Since announcing his official 2016 candidacy on June 16, billionaire business mogul Donald Trump has run the gamut from characteristically egotistical to downright mean. In his kick-off speech alone — which lasted nearly 45 minutes — Trump blasted everything from Democrats to immigration, hinting at a vague plan to defeat ISIS and generally stirring up trouble with his rivals. After refusing to back down from controversial statements he made regarding Mexican immigrants (whom he called "drug users" and "rapists"), Trump was quickly dropped from several large partnerships this week, including having his reality television contest, The Apprentice, yanked from the airwaves over at NBC. With the widespread damage he's brought upon himself, his fellow GOP contenders and leadership figures are now questioning whether Trump is helping their cause or hurting it.
"Donald Trump is like watching a roadside accident: Everybody pulls over to see the mess, and Trump thinks that’s entertainment," said former Bush administration press secretary Ari Fleischer, in comment to Politico in June. "But running for president is serious, and the risk for the party is he tarnishes everybody."
Now, despite a major bump in the polls, Trump has come under fire again from his own party, with some accusing him of being hurtful to the GOP's end-game.
The Federalist founder Ben Domenech told CNN recently that Trump was hindering any efforts by moderate conservatives who had tried to reach across party lines to minority and female voters.
"Donald Trump's comments are hurtful for the cause of Republicans who want to reach out not just to Latinos but across many different ethnic barriers," said Domenech on Thursday. "The problem with those comments is made worse by the fact that people will continue to confuse Trump with a Republican, which he is not, as opposed to thinking of him as an entertainer, which he is."
So far, Trump has maintained a stranglehold on the polls, with a recent Quinnipiac University survey placing him solidly at 10 percent of the prospective vote, neck-and-neck with former neurosurgeon Ben Carson, and second only to Wisconsin Gov. Scott Walker, who came in at number one with 18 percent of the vote.
"[Trump's] early showing worries many party leaders," Quinnipiac Assistant Director Peter A. Brown explained in a press release on Wednesday. "They see him as a potentially disruptive force."
Trump's rivals have largely been split between buttressing the outspoken billionaire's curious stances and slamming him in an attempt to win back the party. Florida Sen. Marco Rubio, whom Federalist contributor David Harsanyi once called "the GOP's best hope", has made it clear that he was no fan of the brash businessman, calling Trump's comments on Mexican immigrants "offensive" and "inaccurate." In a statement on Friday, Rubio elaborated:
Our next president needs to be someone who brings Americans together – not someone who continues to divide. Our broken immigration system is something that needs to be solved, and comments like this move us further from – not closer to – a solution. We need leaders who offer serious solutions to secure our border and fix our broken immigration system.

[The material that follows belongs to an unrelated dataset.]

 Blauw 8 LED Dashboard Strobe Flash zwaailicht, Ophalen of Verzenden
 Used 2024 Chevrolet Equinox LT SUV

Immediately, Trump responded to Rubio's assertions, calling the Republican senator a liar and an amnesty shill who had "zero credibility," in a email statement to Breitbart news on Saturday morning.

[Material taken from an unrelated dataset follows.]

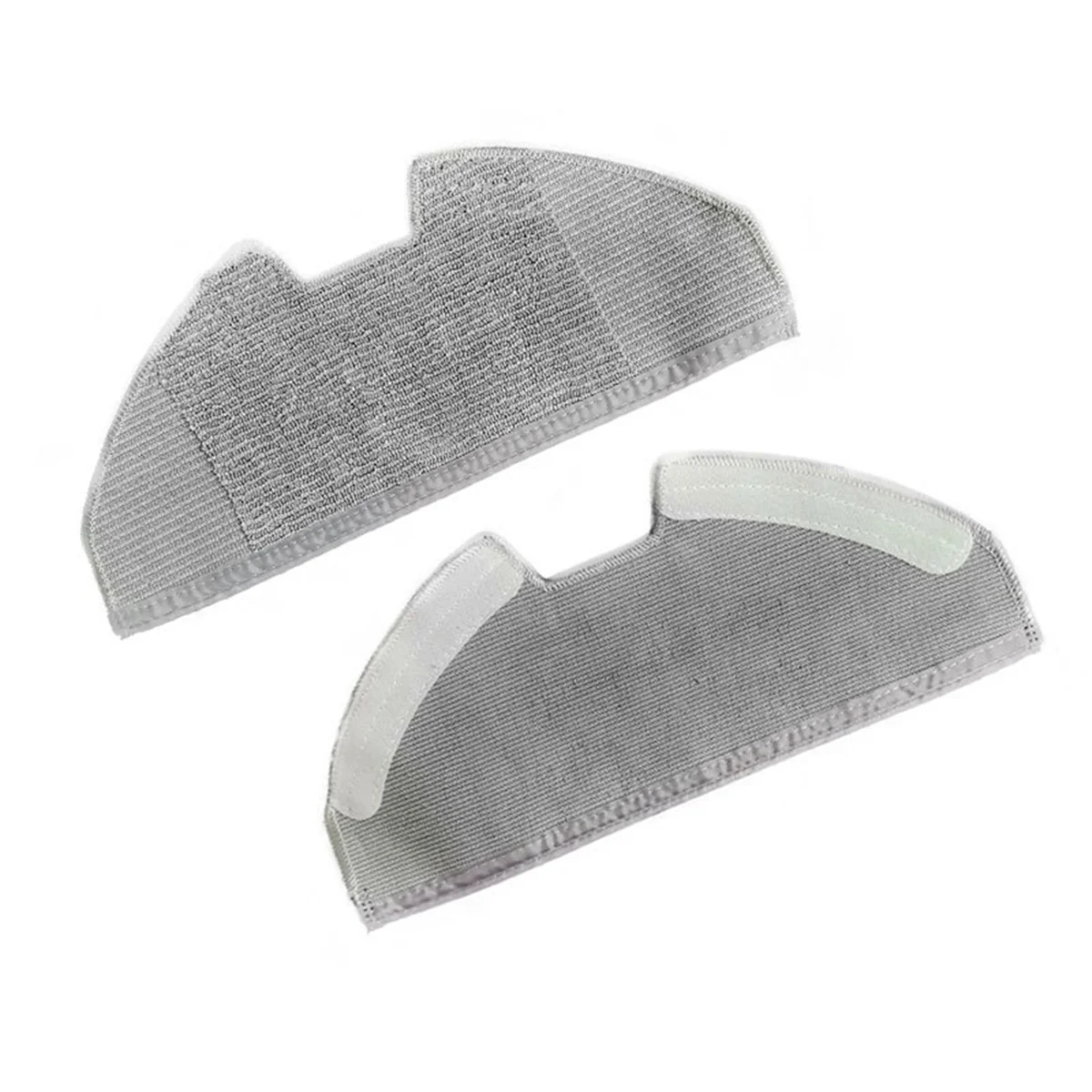FZFZ 12PCS Mop Pad for X8 Pro Serie X8 Pro Robot Vacuum Cleaner Spare Replacement Washable and Reusable Mop Cloth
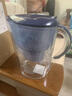 碧然德（BRITA） 過(guò)濾凈水器 家用濾水壺 凈水壺 海洋系列 3.5L藍色 一壺六芯裝 環(huán)保加固包裝 曬單實(shí)拍圖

Rubio wasn't the only on jumping on the anti-Trump bandwagon: surprisingly enough, right wing candidate and former Texas Gov. Rick Perry also came out against Trump's comments, telling Fox News host Charles Payne that Trump didn't "reflect the Republican Party."

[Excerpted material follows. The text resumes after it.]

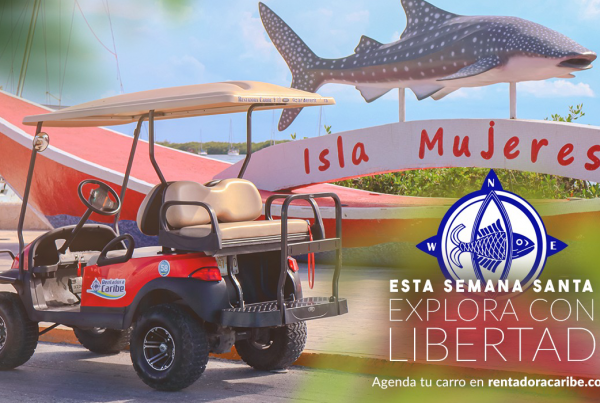 🚗 Alquilar carrito de golf en Isla Mujeres: El mejor precio de la Isla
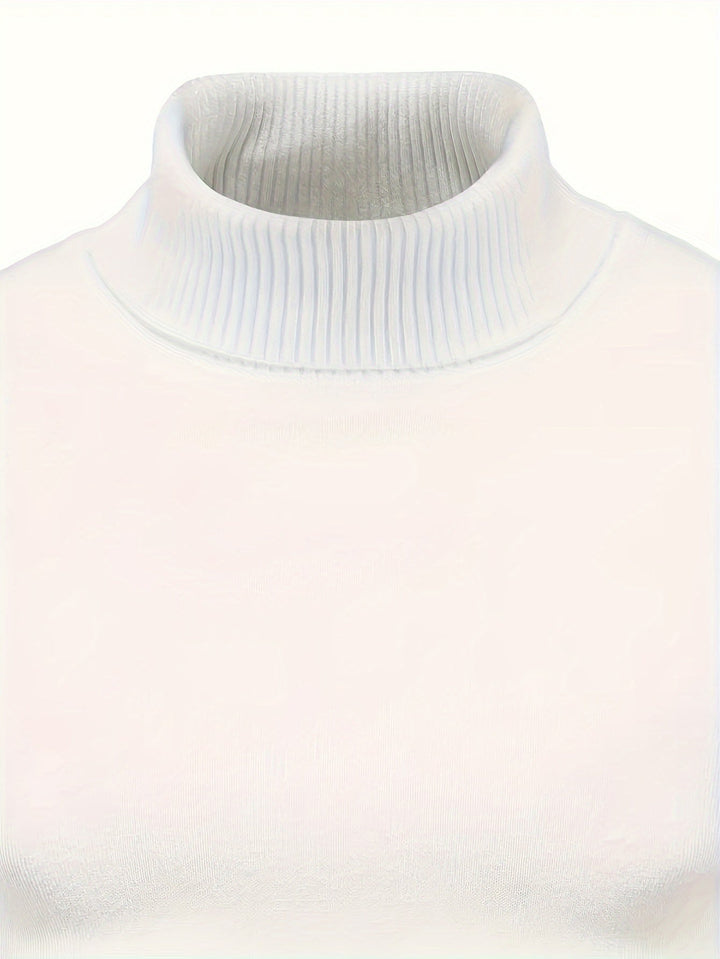 Malcolm | Klassieke Mock-Neck Trui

"I think that was a huge error on his part and, number one, it’s wrong," said Perry to the Your World host. "He painted with a very broad brush. ... We want somebody who has actually dealt with this before, not somebody that’s just going to shoot from the hip."
A few of Trump's fellow GOP hopefuls, however, came to his aid. Texas Sen. Ted Cruz, who has been meandering up and down the middle of the polls since April, on Tuesday told Fox News that he actually liked Trump and supported his early focus on immigration.
"I think he's terrific, I think he's brash, I think he speaks the truth," said Cruz. "He has a way of speaking that gets attention, and I credit him for focusing on an issue that needs to be focused on."
How far Trump's braggadocio and incendiary rhetoric will take him over the next six to seven months is yet to be determined. For now, it seems, the GOP will simply have to play nice and hope his sudden popularity fizzles out soon.